Each building, in its own way, forms a kind of sanctuary from the city's hurly-burly, with green design elements accentuating the architecture's soothing presence. At the Bethel Center, an enormous skylight draws natural light into the stairwell of the building's two-level day-care center. Ringed by classrooms, the stairwell feels like a protected inner courtyard. As they take their afternoon naps, covered in blankets, children from the ages of 3 to 5 sleep in a setting that is remarkably quiet compared to the noise of the cars and trucks rumbling by outside.

Edward Ward, 13, enjoys the same quiet when he goes to sleep each night at Wentworth Commons. At his old house, he said, "gunshots would wake us up sometimes."

These are small buildings -- good ones, not great ones -- but they nonetheless point in a progressive direction, one where green architecture endeavors to address the health and well-being of the people it serves, their neighborhoods and the culture as a whole.

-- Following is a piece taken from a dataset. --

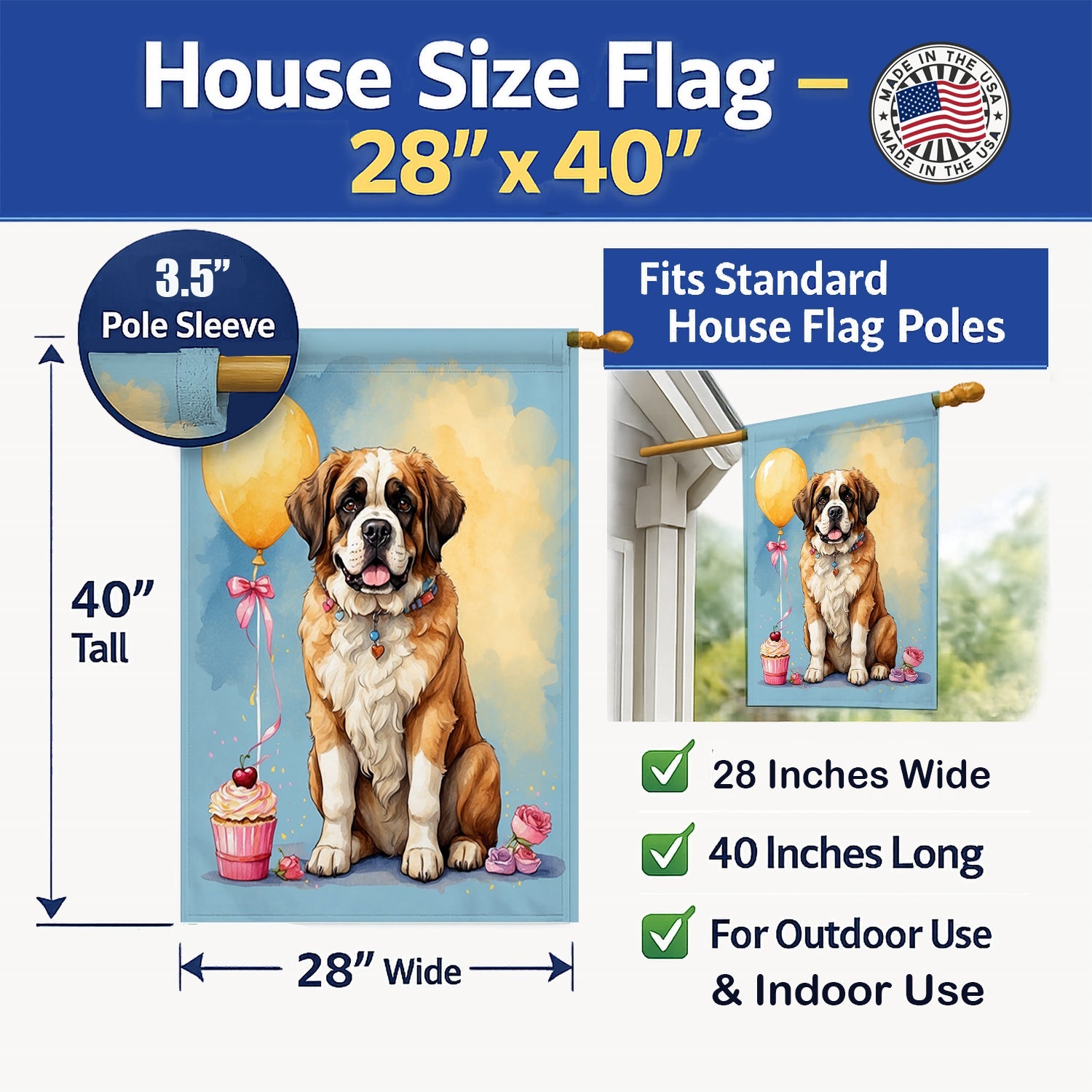 Saint Bernard Happy Birthday House Flag 28x40 Porch Sleeve Pole Decorative Outside Yard Banner Artwork Wall Hanging, Polyester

True, the green elements at Wentworth Commons added about $1 million to the budget and are estimated to save only about $20,000 to $25,000 a year in energy costs. A hardheaded for-profit developer would surely reject such added "first costs," but idealistic non-profit groups, especially those that get a financial boost from the city and state, are far more willing to give a green light to green architecture.

"If nobody does it, it's never going to happen," says Robert Banta, regional director of property operations for Mercy Housing Lakefront. "Every time somebody steps up and incorporates these kind of energy savings in a building, the next person that does it is able to do it a little cheaper than before. It's like any other new technology. The more it's used, the cheaper it gets."